De visita a Guanajuato para participar en el VII Festival de Cine Expresión en Corto, inaugurado ayer Kershner, de 80 años, dijo que en este país aún no hay grandes estrellas “aunque sí muy buenos actores”
El cineasta explicó que contar con figuras consagradas exige un importante aparato publicitario ya que “no solo hay que hacer la película sino gastar en su promoción”.
Esta estrategia es la que ha utilizado la industria de Estados Unidos para convertir a Hollywood en la meca del cine mundial y en una fábrica de “estrellas”, añadió.
Prueba de esta tendencia en el cine de hoy es que la gente quiere ver películas “por sus actores, pero eso no significa que sean buenas”.
Retirado del cine en activo, actualmente Kershner da clases de guion en la Universidad de Maryland, Estados Unidos.
El cineasta lamentó la baja calidad del cine de ciencia-ficción que se hace actualmente y señaló que los directores de esas cintas ganan demasiado dinero mientras que los que realmente tienen talento viven en el ostracismo.
El director de cine lamentó que se haya pasado de un modelo de industria en manos de los cineastas a otra en poder de los grandes capitales de Wall Street.

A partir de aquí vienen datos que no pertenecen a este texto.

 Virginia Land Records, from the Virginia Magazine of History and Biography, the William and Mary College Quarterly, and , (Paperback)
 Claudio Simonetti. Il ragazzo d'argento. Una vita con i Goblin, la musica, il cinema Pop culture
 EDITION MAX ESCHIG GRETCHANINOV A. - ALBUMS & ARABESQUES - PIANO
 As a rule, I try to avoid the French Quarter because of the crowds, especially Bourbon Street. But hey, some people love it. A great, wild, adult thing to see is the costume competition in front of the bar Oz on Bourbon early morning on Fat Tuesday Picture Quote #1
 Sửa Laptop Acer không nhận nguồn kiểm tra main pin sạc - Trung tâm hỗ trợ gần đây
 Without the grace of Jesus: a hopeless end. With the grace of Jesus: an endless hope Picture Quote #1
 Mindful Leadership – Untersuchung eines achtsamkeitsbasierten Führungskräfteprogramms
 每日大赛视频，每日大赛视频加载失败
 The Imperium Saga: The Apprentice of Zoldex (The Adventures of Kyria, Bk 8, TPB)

Al referirse a la importancia del cortometraje en la industria fílmica, señaló que son fundamentales para la formación de los futuros realizadores ya que cuentan historias con limitaciones y recursos bastante escasos.
Indicó que cuando era joven le gustaba ir al cine porque antes del largometraje presentaban un cortometraje, “pero ahora pagamos y nos obligan a ver comerciales que no pedimos ver”.
Kershner cree que el futuro de los cortometrajes será la televisión así como su comercialización de éstos a través de vídeo discos compactos (DVD).
Al ser cuestionado sobre su familiaridad con el cine mexicano lamentó que solo en la antesala de la entrega de los Oscar tengan oportunidad de ver algunos porque en Estados Unidos “alguien decidió que no debían haber cintas subtituladas y no las proyectan”.